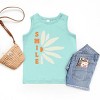 The Juniper Shop Smile Daisy Youth Tank Top - 2 of 4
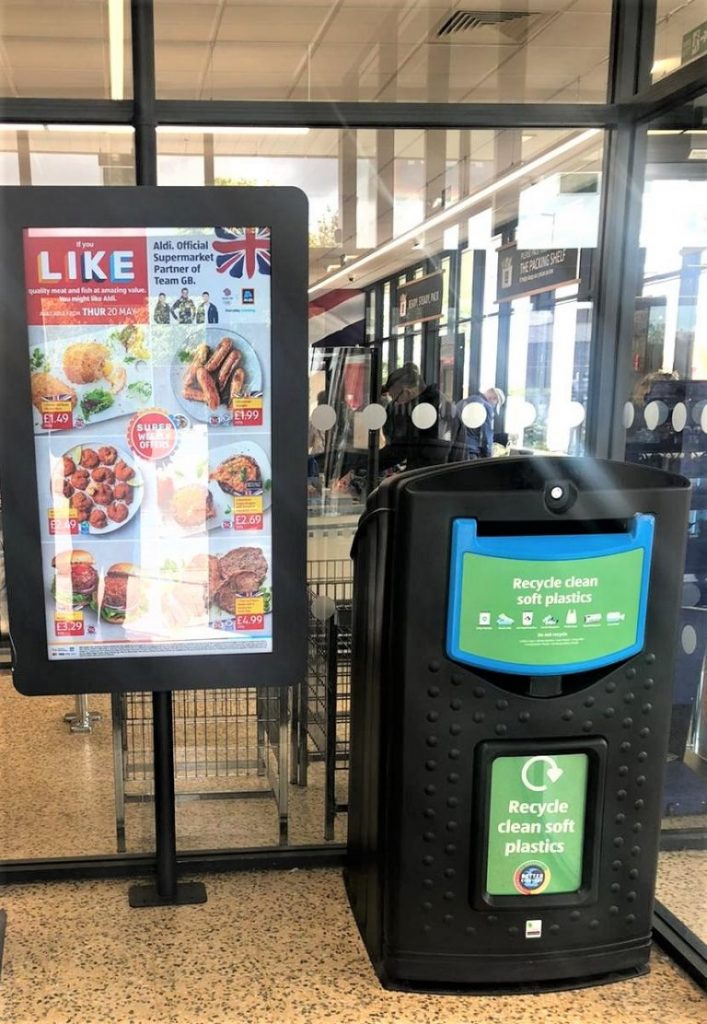 Aldi launches in-store soft plastic collection trial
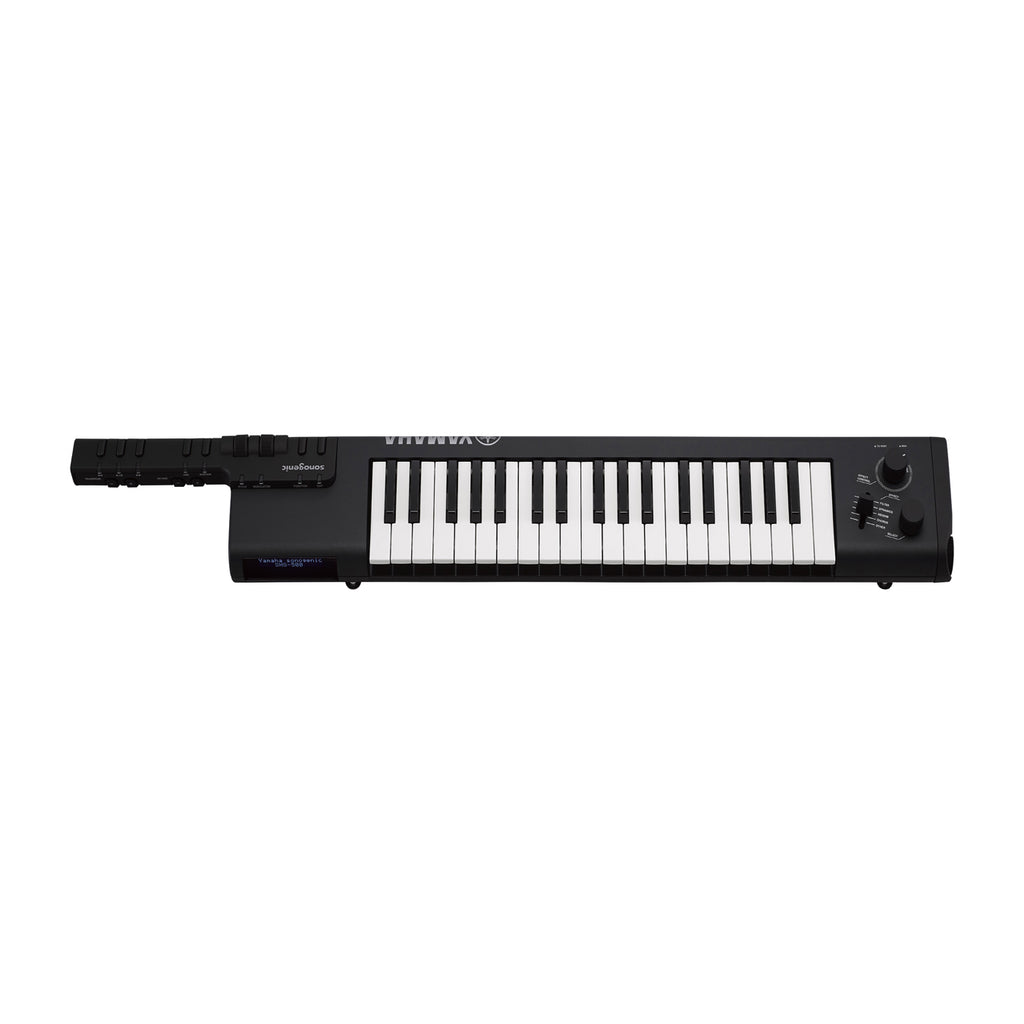 Yamaha Sonogenic SHS 500 Keytar Instrument and MIDI Controller Keyboard (Black Colour)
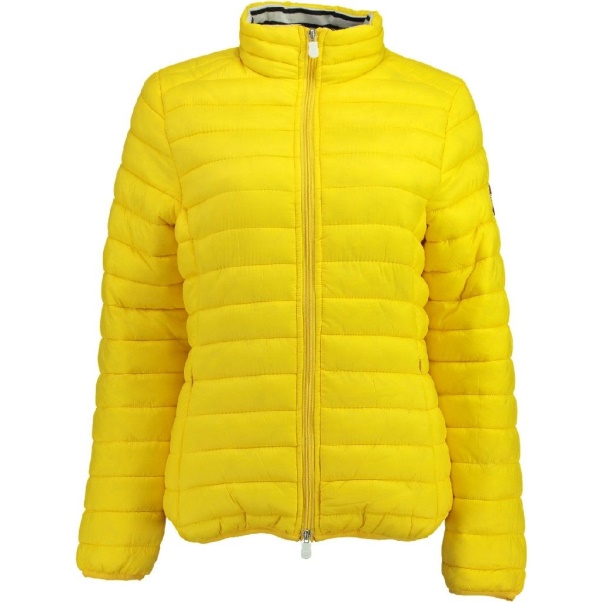 Geografisch Noorwegen - Chaqueta De Mujer Dinette Amarillo Amarillo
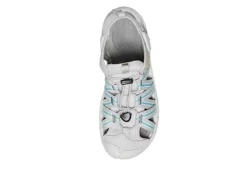 Keen Womens Drift Creek H2 Outdoor Sandal - Pale Grey -Rack Room Footwear Sales US 01 202365 02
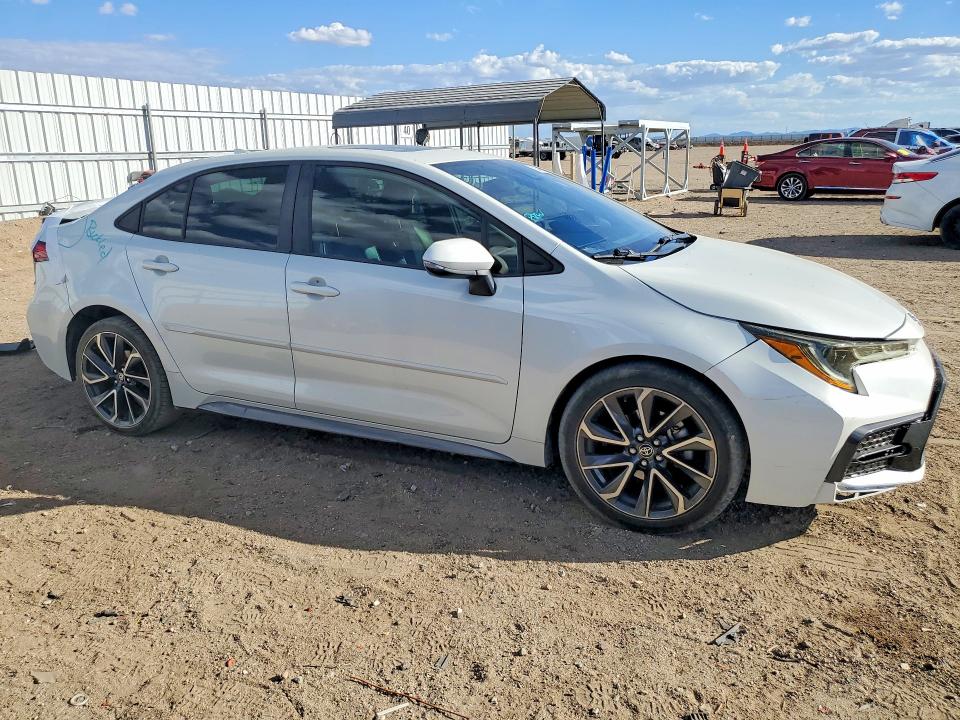 2020 Toyota Corolla მანქანა იყიდება აუქციონზე, vin: JTDT4RCE9LJ026141, აუქციონის ნომერი: 71641096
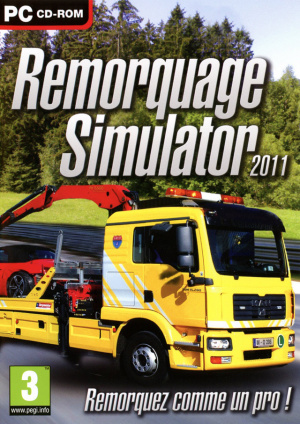 Remorquage Simulator 2011 sur PC
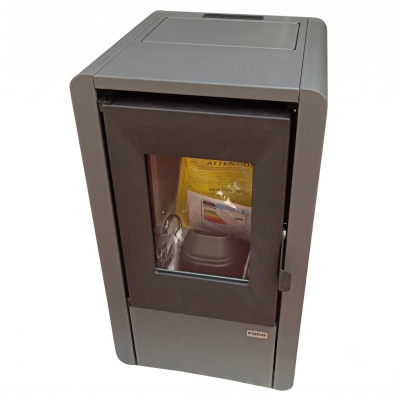 Stufa a Pellet AMG Minni 6 kW – Ideale fino a 55 mq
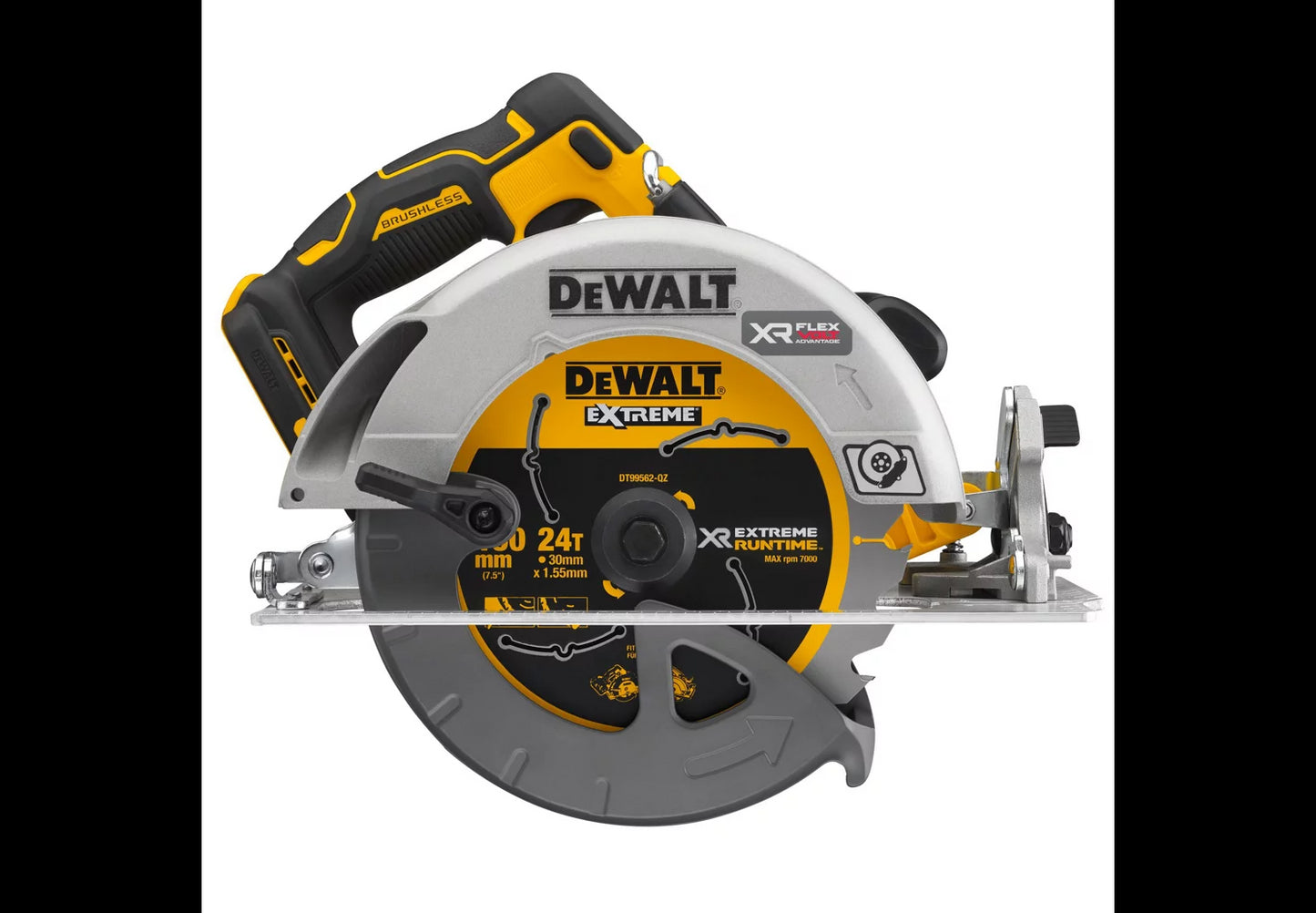 Sierra Circular 18V FLEXVOLT Dewalt DCS573  - 2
━━━
WHAT YOU ARE ASKED TO DO
Start at the first line of the records and write out everything up to and including the line containing "Remorquage Simulator 2011 sur PC". No pictures.

YOUR SOLUTION
 The Juniper Shop Smile Daisy Youth Tank Top - 2 of 4
 Aldi launches in-store soft plastic collection trial
 Yamaha Sonogenic SHS 500 Keytar Instrument and MIDI Controller Keyboard (Black Colour)
 Geografisch Noorwegen - Chaqueta De Mujer Dinette Amarillo Amarillo
 Keen Womens Drift Creek H2 Outdoor Sandal - Pale Grey -Rack Room Footwear Sales US 01 202365 02
 2020 Toyota Corolla მანქანა იყიდება აუქციონზე, vin: JTDT4RCE9LJ026141, აუქციონის ნომერი: 71641096
 Remorquage Simulator 2011 sur PC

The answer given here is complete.